One thing I had to patch: Mediabunny doesn't publicly expose the internal classes needed for Annex B handling, so I patched it to export them.

Audio pipeline

The AudioDecoder is initialised and configured similarly to the VideoDecoder, except for audio we don't need to scan the packets for a config object.

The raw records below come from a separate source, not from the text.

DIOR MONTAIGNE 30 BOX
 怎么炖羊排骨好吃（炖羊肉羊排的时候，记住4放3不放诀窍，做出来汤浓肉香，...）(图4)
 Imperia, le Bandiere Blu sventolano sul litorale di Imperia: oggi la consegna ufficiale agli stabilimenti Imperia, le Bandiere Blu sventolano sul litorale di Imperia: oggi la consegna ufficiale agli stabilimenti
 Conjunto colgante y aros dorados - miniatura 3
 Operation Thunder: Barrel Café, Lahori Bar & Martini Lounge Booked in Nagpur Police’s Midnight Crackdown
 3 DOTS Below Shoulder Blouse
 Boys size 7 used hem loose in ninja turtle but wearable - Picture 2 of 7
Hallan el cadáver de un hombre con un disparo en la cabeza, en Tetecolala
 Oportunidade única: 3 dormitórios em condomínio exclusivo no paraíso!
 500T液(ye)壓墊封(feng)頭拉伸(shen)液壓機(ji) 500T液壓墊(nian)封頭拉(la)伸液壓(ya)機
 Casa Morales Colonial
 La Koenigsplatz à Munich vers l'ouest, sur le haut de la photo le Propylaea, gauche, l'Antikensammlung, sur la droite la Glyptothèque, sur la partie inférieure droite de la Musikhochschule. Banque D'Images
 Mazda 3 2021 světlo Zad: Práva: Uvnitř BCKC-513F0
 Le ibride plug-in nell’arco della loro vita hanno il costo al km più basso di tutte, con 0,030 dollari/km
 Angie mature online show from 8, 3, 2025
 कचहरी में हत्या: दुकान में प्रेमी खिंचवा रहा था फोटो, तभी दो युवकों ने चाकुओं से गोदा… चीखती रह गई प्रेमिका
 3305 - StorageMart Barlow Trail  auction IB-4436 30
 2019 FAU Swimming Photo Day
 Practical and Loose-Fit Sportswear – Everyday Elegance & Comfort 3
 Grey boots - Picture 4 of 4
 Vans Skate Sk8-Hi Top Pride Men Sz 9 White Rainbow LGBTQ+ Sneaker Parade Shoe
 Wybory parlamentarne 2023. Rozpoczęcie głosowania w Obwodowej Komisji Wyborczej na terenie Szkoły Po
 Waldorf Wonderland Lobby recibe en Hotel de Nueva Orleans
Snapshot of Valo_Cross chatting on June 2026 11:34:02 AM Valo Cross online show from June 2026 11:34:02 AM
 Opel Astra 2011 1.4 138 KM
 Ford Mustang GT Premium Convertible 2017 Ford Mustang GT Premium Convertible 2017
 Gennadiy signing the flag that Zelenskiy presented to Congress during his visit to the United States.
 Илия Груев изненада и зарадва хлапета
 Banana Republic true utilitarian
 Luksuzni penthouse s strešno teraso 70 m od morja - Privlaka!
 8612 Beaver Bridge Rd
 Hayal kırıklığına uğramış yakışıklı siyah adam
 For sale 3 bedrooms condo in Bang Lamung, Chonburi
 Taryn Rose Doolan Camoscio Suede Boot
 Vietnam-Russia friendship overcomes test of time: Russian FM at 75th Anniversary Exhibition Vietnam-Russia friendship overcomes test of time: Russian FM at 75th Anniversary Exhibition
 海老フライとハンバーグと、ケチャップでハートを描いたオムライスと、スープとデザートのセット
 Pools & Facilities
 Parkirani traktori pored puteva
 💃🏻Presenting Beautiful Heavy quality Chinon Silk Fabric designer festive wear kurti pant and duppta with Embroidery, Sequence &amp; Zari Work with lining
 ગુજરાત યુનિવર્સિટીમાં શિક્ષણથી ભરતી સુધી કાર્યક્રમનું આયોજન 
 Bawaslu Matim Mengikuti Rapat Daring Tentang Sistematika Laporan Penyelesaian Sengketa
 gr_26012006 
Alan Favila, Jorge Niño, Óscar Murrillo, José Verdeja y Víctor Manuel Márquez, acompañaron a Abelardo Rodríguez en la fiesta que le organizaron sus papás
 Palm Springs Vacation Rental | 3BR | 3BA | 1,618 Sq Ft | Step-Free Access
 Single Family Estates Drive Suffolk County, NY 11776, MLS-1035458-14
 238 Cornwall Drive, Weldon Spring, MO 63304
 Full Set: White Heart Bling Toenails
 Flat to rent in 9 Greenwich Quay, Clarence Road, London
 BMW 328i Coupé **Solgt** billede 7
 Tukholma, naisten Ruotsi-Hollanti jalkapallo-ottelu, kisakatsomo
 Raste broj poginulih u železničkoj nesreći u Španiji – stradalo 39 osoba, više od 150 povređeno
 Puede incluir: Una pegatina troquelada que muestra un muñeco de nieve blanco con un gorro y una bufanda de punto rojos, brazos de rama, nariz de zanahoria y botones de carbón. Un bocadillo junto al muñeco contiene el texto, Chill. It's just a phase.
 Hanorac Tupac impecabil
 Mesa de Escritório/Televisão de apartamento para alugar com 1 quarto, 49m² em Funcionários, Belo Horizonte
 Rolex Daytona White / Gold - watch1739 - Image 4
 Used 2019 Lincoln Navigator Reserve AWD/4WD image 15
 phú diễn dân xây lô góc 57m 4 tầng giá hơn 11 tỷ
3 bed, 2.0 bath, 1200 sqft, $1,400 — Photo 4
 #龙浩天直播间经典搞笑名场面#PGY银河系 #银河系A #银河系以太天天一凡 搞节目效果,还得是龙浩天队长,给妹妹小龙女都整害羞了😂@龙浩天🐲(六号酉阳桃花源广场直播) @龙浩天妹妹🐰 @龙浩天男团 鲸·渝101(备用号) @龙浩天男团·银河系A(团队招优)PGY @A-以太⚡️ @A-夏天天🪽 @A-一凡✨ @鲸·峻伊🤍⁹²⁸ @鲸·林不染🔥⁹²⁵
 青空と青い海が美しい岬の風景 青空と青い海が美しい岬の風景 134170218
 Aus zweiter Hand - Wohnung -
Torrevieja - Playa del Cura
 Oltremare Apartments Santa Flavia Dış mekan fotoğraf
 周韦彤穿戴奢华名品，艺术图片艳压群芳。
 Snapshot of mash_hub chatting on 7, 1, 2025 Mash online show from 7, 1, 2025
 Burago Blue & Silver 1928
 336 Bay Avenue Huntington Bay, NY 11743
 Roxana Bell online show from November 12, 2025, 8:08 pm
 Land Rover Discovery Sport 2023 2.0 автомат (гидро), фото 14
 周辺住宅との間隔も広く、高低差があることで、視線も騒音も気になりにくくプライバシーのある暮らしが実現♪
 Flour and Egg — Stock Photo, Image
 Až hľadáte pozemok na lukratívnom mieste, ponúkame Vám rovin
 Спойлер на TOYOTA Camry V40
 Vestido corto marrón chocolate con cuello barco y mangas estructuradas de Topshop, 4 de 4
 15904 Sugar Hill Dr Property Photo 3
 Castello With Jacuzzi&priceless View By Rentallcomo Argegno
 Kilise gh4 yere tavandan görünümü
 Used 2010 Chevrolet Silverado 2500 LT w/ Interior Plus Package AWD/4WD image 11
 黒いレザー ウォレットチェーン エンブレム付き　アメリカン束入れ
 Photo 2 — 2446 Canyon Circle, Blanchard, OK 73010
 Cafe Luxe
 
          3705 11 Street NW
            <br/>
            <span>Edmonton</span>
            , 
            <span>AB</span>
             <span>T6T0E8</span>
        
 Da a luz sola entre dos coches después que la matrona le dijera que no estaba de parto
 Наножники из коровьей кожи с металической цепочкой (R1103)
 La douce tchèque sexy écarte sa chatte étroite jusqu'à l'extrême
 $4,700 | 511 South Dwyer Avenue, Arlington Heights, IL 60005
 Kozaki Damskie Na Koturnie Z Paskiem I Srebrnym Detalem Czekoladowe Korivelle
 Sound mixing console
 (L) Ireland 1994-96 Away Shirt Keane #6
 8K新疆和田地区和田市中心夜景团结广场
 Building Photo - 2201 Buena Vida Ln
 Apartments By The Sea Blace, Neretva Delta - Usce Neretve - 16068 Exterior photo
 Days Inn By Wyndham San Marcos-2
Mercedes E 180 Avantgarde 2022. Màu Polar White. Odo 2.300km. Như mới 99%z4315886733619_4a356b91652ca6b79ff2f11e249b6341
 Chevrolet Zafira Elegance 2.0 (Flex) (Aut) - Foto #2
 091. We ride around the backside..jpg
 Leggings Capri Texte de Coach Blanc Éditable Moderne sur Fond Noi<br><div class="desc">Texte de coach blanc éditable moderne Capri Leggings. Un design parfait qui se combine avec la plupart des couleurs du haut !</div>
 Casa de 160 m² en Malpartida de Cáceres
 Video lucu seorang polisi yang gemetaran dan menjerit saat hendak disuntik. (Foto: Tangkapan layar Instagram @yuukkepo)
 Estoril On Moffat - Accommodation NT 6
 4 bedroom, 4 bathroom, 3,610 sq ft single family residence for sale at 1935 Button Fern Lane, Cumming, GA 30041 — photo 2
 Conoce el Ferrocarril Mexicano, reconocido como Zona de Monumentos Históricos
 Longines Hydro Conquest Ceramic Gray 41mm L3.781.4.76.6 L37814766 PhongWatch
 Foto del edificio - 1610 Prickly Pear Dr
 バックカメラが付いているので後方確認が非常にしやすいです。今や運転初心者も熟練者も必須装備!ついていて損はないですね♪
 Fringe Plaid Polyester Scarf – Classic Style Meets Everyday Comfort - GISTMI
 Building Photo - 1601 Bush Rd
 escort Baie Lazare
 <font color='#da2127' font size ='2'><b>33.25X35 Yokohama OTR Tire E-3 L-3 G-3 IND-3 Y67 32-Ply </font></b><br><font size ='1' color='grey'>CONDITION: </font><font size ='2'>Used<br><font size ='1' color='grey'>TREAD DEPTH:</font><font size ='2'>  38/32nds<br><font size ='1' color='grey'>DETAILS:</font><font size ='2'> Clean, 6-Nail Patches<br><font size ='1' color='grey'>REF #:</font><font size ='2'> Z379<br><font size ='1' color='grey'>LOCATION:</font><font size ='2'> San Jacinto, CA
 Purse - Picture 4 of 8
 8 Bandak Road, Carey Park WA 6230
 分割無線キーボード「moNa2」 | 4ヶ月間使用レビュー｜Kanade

Each MOQ object contains one raw AAC-LC frame (~420 bytes). Unlike video, there is no separate init object: every object is a playable frame.

The pipeline:

Strip the 4-byte moq_mux header
Feed the raw bytes directly to AudioDecoder, configured upfront with the settings found in the catalog: 48 kHz stereo (0x11 0x90)
Schedule decoded AudioData objects on an AudioContext using AudioBufferSourceNode.start(t)

Copied to clipboard!

async function runAudioLoop(stream: ReadableStream<MoqtObject>) {
  if (!audioContext || !gainNode) return;

  void audioContext.resume();
  const description = buildAacAudioSpecificConfig({
    objectType: 2,
    sampleRate: resolvedAudioSampleRate,
    numberOfChannels: resolvedAudioChannels,
  });

  let audioDecoder: AudioDecoder | null = null;
  try {
    audioDecoder = makeDecoder();
    const aReader = stream.getReader();

    try {
      while (!stopped) {
        const { done, value } = await readOrAbortAudio(aReader);
        if (done || stopped) break;
        if (!value?.payload) continue;

        if (hasCaptureTimestamp(value) &&
            (performance.now() * 1000 - getCaptureTimestamp(value)) / 1000 > LAG_THRESHOLD_MS) {
          void triggerCatchUpRestart();
          break;
        }

        if (audioDecoder.state === 'closed') {
          try { audioDecoder.close(); } catch {}
          pendingCaptureTs.length = 0; // discard timestamps for the closed decoder
          audioDecoder = makeDecoder();
        }

        const captureTs = getCaptureTimestamp(value);
        if (hasCaptureTimestamp(value) &&
            (performance.now() * 1000 - captureTs) / 1000 > SKIP_THRESHOLD_MS) continue;

        const audioData = value.payload.slice().slice(4);
        if (audioData.length === 0) continue;

        pendingCaptureTs.push(captureTs);
        audioDecoder.decode(new EncodedAudioChunk({
          type: 'key',
          timestamp: captureTs,
          data: audioData,
        }));
      }
    } finally {
      aReader.releaseLock();
    }
  } finally {
    try { audioDecoder?.close(); } catch {}
  }
}

A/V synchronisation

This was the hardest part, and the one that caused the most iteration.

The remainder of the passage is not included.